(What this task involves) Go through the listing below and retype exactly the lines starting at the one with "Another fine vehicle" and ending at the one with "We win our customers", skipping pictures.
Dataset content Start Marker
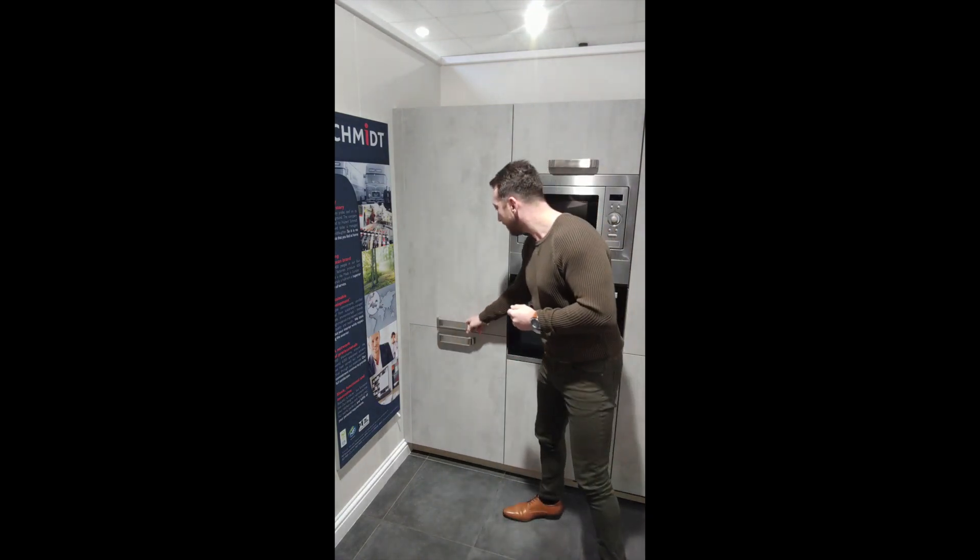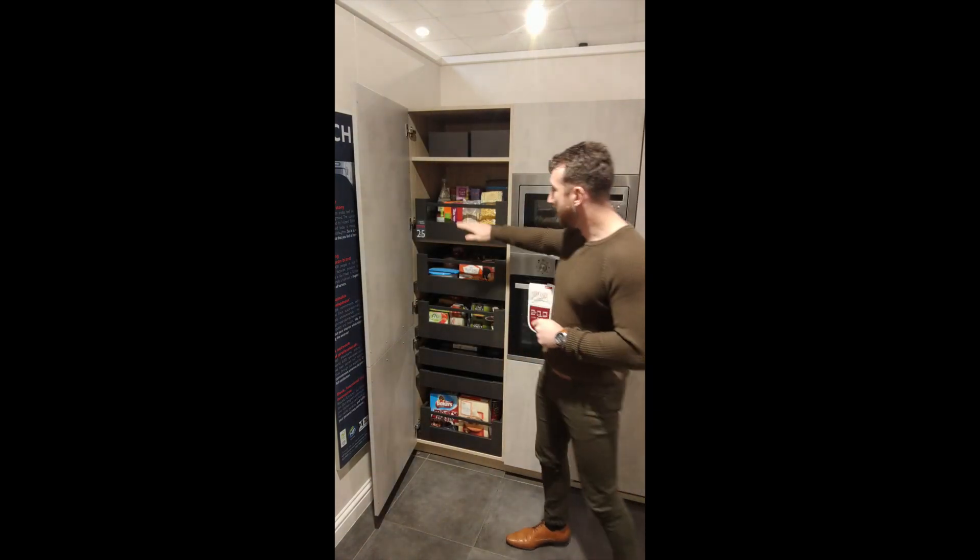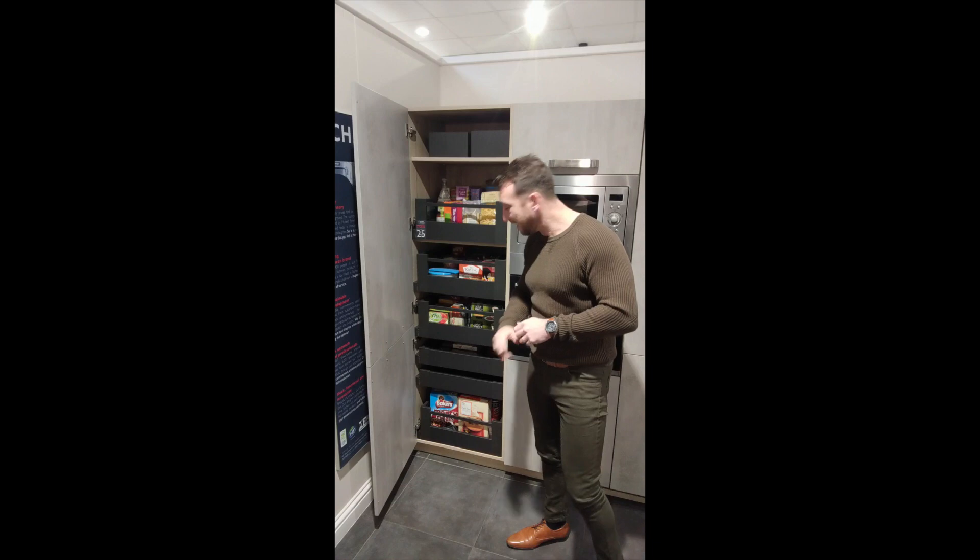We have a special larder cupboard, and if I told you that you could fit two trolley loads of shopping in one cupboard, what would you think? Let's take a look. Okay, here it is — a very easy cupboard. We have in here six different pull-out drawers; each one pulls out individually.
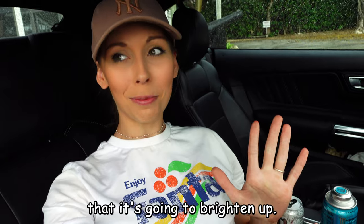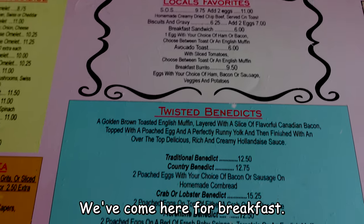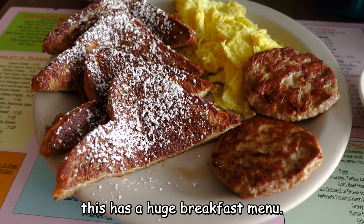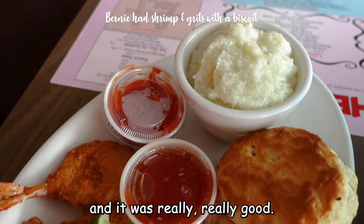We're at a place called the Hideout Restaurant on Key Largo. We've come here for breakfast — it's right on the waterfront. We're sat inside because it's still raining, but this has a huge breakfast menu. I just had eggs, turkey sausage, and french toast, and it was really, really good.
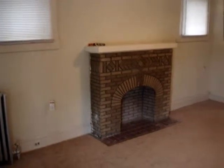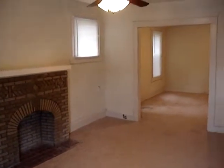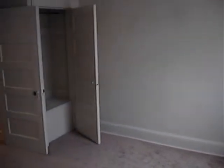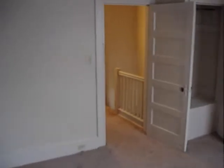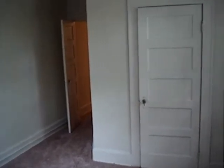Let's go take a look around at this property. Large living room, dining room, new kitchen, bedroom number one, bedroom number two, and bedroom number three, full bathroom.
Dataset content End Marker
Dataset content Start Marker
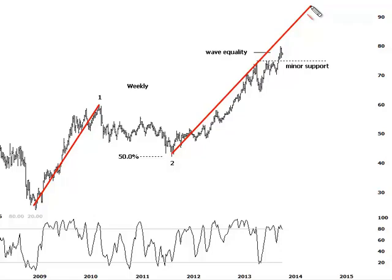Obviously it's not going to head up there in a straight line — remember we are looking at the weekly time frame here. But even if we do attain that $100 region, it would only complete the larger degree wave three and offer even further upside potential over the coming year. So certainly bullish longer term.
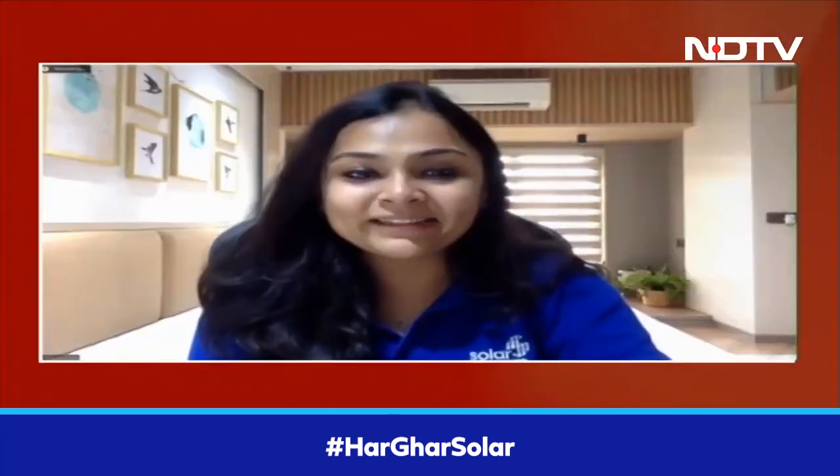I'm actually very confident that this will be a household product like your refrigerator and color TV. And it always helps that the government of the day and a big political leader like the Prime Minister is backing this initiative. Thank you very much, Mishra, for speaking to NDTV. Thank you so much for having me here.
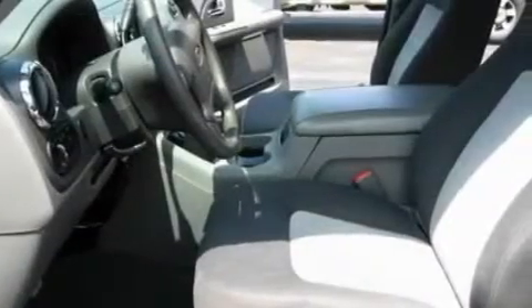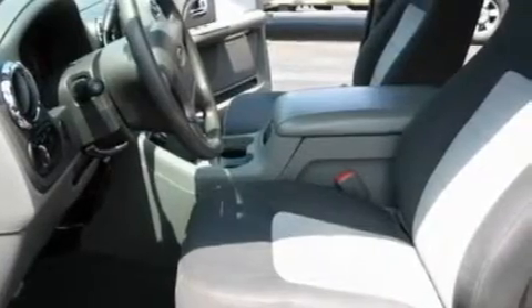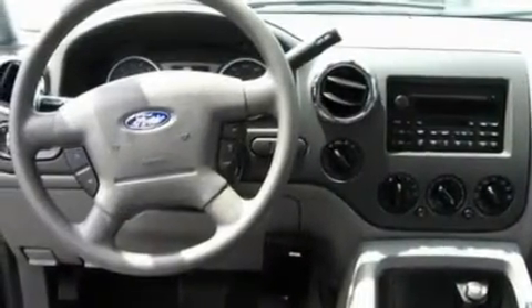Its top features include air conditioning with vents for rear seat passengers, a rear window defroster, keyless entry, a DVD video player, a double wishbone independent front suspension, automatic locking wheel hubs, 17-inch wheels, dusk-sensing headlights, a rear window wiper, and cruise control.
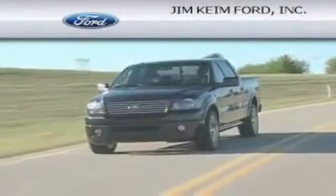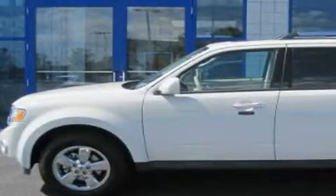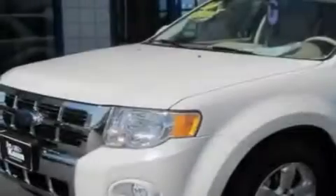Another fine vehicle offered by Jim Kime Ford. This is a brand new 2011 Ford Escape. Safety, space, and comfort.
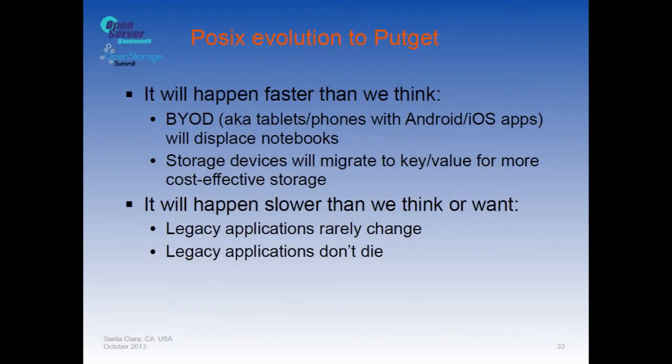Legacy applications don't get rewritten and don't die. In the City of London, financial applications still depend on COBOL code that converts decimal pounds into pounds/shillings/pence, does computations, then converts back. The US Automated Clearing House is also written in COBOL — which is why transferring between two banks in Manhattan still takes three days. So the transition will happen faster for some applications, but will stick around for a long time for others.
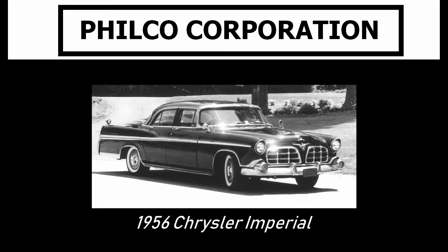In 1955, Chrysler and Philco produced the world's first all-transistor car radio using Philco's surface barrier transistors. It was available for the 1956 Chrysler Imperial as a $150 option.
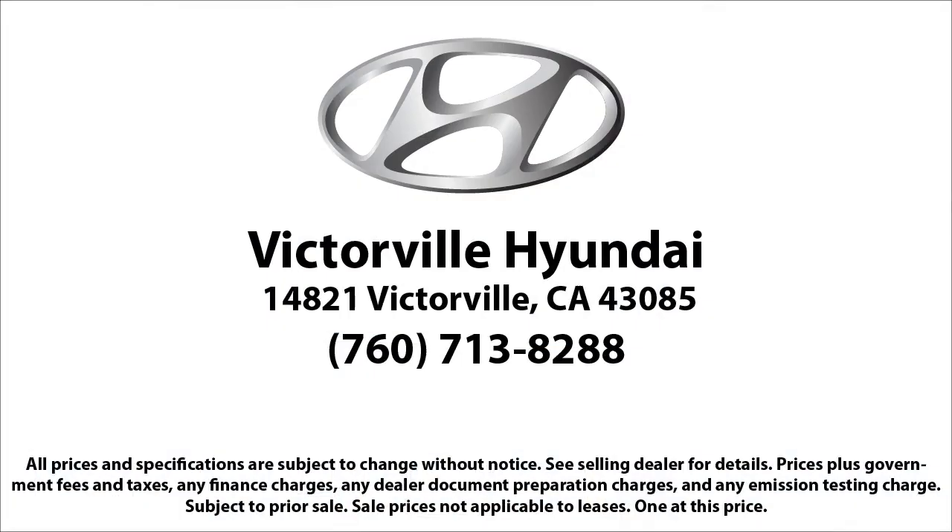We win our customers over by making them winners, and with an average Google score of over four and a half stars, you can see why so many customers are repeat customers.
Dataset content End Marker
(Answer space)
Another fine vehicle offered by Jim Kime Ford. This is a brand new 2011 Ford Escape. Safety, space, and comfort.
Legacy applications don't get rewritten and don't die. In the City of London, financial applications still depend on COBOL code that converts decimal pounds into pounds/shillings/pence, does computations, then converts back. The US Automated Clearing House is also written in COBOL — which is why transferring between two banks in Manhattan still takes three days. So the transition will happen faster for some applications, but will stick around for a long time for others.
In 1955, Chrysler and Philco produced the world's first all-transistor car radio using Philco's surface barrier transistors. It was available for the 1956 Chrysler Imperial as a $150 option.
We win our customers over by making them winners, and with an average Google score of over four and a half stars, you can see why so many customers are repeat customers.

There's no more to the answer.